Understanding How Your Financial Advisor Gets Paid

Understanding how your stock broker gets paidInvestors should always inquire with their financial advisor about the fees charged for managing brokerage accounts. In general, there are two ways a financial advisor gets paid: (1) the financial advisor can charge an annual fee on the total assets invested; or (2) a financial advisor can charge commissions on a transactional basis.

Commission-based accounts

In a commission-based or transactional account, the financial advisor charges a commission on every transaction she makes in the account. For example, if a financial advisor buys ABC stock in an account, she charges a commission on that transaction. If she sells ABC stock, she also charges a commission. The amount of the commission can vary. Commissions charged for each transaction do not always appear on monthly statements. Instead, commissions appear on the trade confirmations. To calculate the amount the financial advisor makes on the transactions require a careful review of trade confirmations.

Commission-based accounts might benefit investors who require few transactions. For example, suppose an investor holds stock positions with low cost-bases. Suppose also that these stocks generate a dividend used for income. The investor might want to hold these positions long term, as opposed to selling them and incurring capital gains. In that instance, it might be desirable to hold these positions in a commission-based account (as opposed to fee-based account described below) because the investor has directed the financial advisor to hold those positions indefinitely. And it would make little sense to pay a financial advisor an annual fee on the total assets in an account with few or no transactions.

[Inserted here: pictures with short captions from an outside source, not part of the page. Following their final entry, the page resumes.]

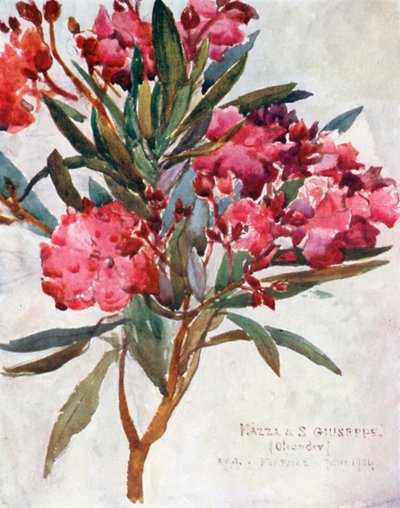 Study of Pink Oleander Blossom, the Mazza di San Guiseppe by Robert Charles Goff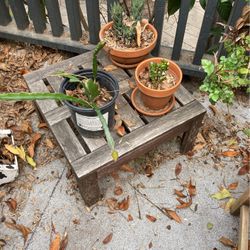 Plant Stand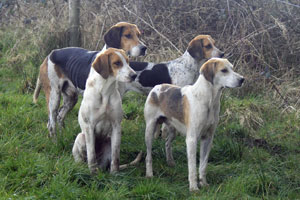 Hound photographs by Neil Salisbury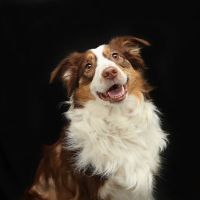 Portland Veterinary Service ico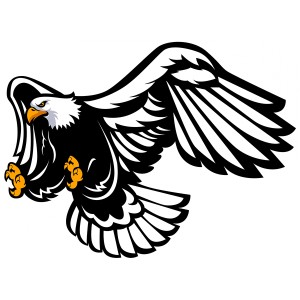 طرح لایه باز عقاب با کیفیت بالا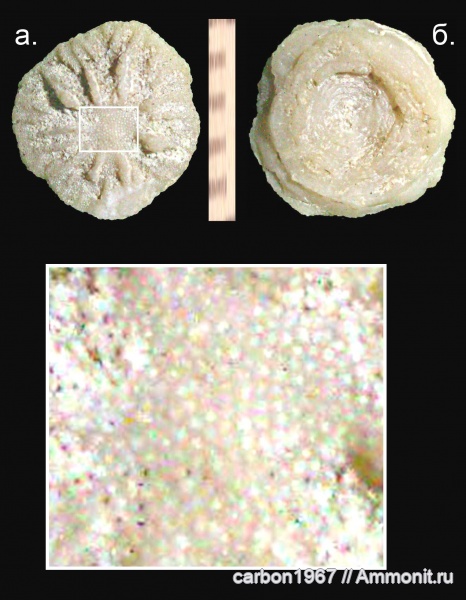 мел, палеоген, кораллы, склерактинии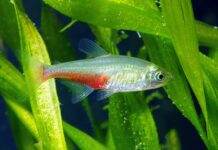 poisson Aphyocharax rathbuni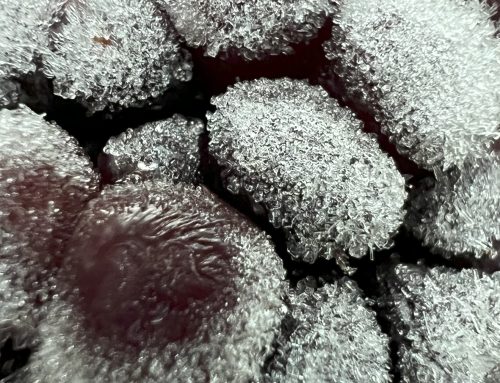 Poem by Frankie Elliot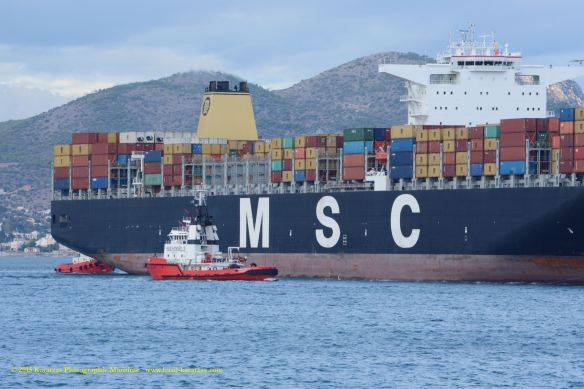 MV MSC PARALLO 4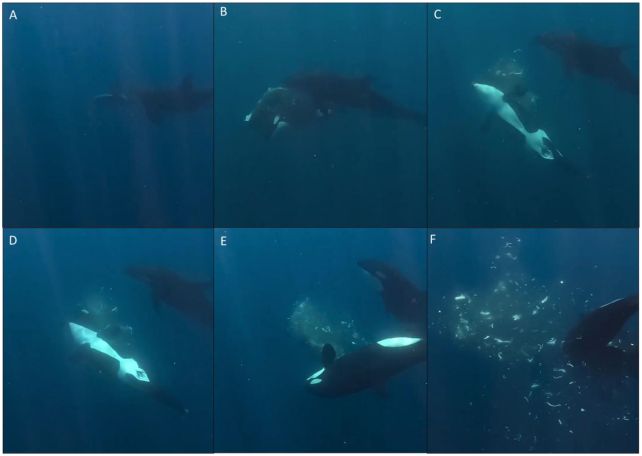 Orcas Keep Punching Giant Sunfish to Smithereens, And Scientists Are Mesmerized 图片 3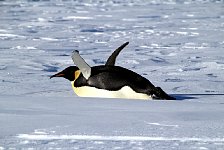 Penguins at camp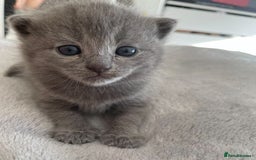 British Shorthair cats for sale: British Shorthair Kittens, 5 weeks free Insurance - Image 15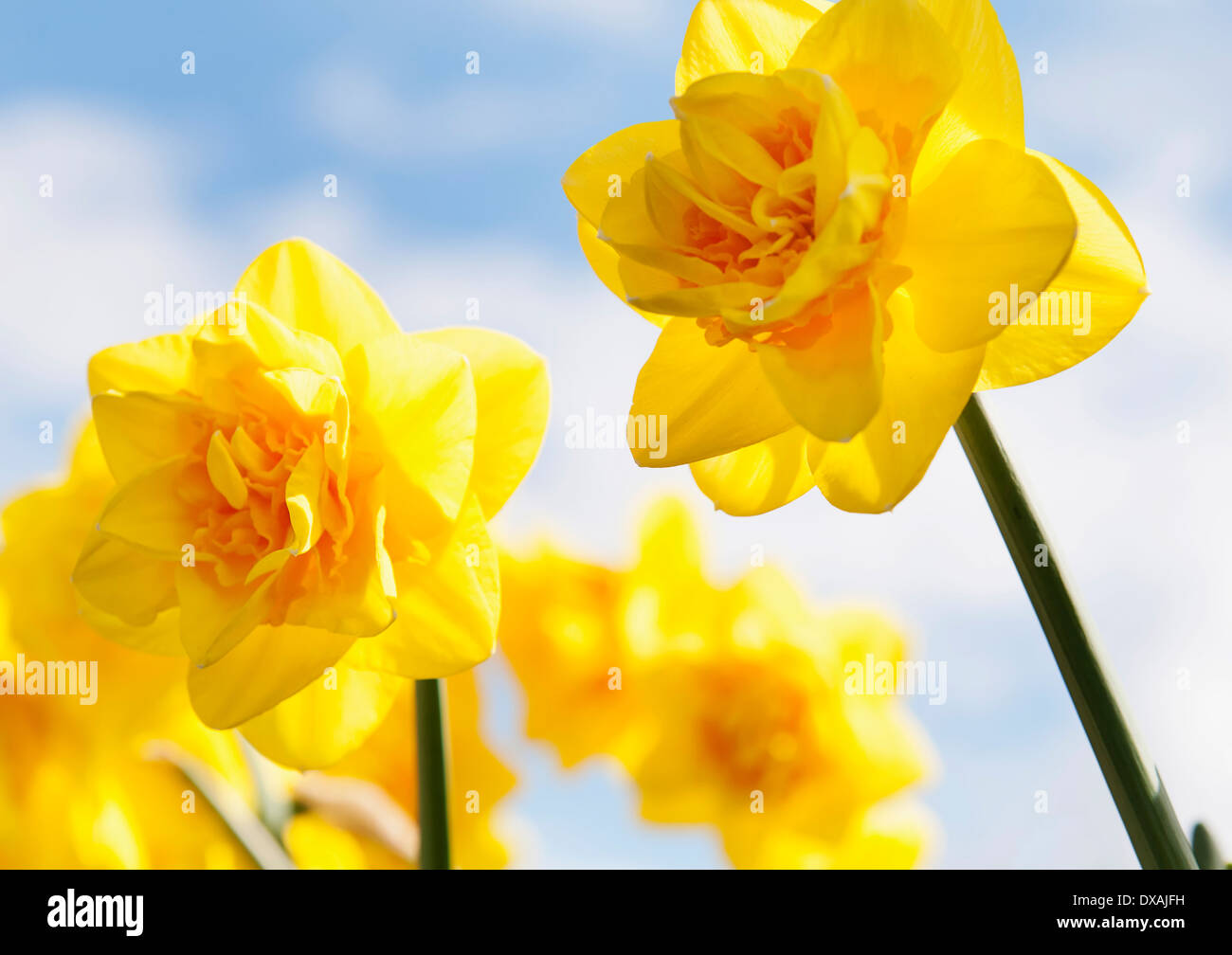 Narzissen 'Jack the Lad', Narcissus "Jack the Lad", gelbe Blumen wachsen im Freien vor einem blauen Himmel. Stockfoto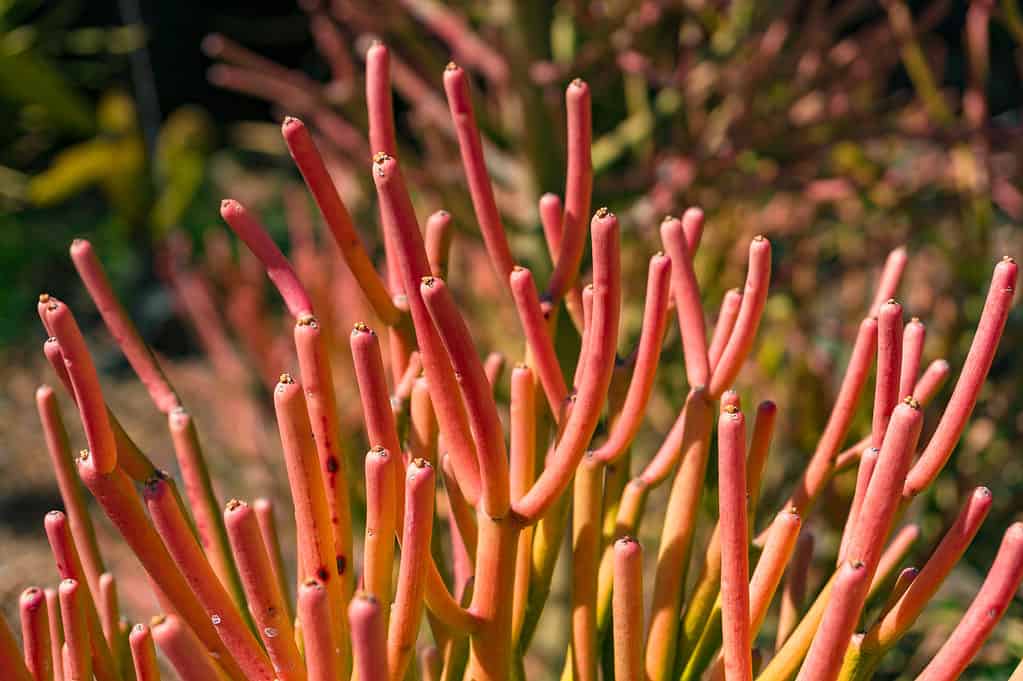 Cactus a matita rosso-arancio brillante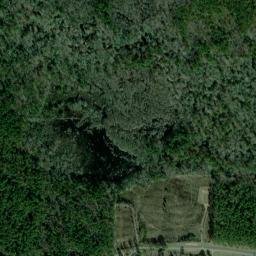 Gray Cemetery, Kisatchie National Forest High Resolution Satellite Map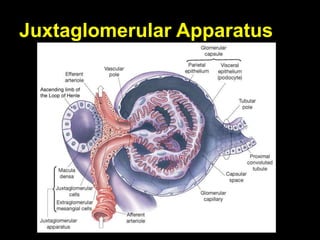 Juxtaglomerular Apparatus
 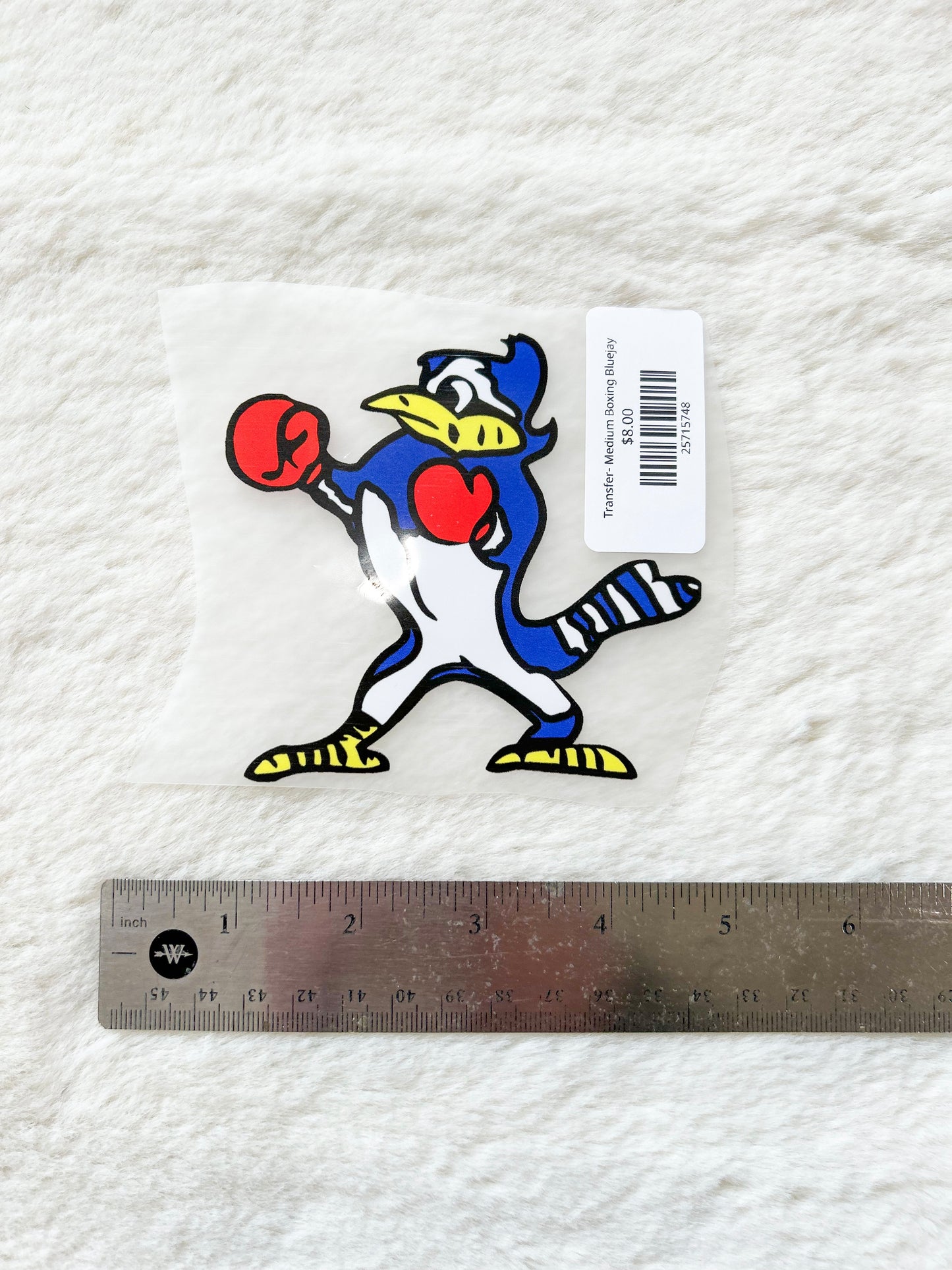 Transfer- Medium Boxing Bluejay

Note also that financial advisors are not permitted to place trades in an account if the purpose of the trade is to generate commissions as opposed to making securities transactions in the investor’s best interest. This practice is known as “excessive trading;” and in more extreme cases, “churning.”

Fee-based accounts

If an account is “fee based” (also known as a “wrap fee”) the financial advisor charges a percentage of the total assets held in the investor’s accounts.

The fee remains constant regardless of how many transactions are made in the account(s). Fee-based accounts are typically used in accounts that require a high volume of transactions. For example, suppose an investor authorizes her financial advisor to use discretion to make any trade the financial advisor sees fit based on an agreed-upon investment strategy. The strategy might require many transactions. Under these circumstances, a fee-based account might be optimal to prevent incurring exorbitant commissions from an account with high trade volume.

If you believe you are being charged excessive fees in your accounts, it’s important to consult with a qualified professional to assess your situation.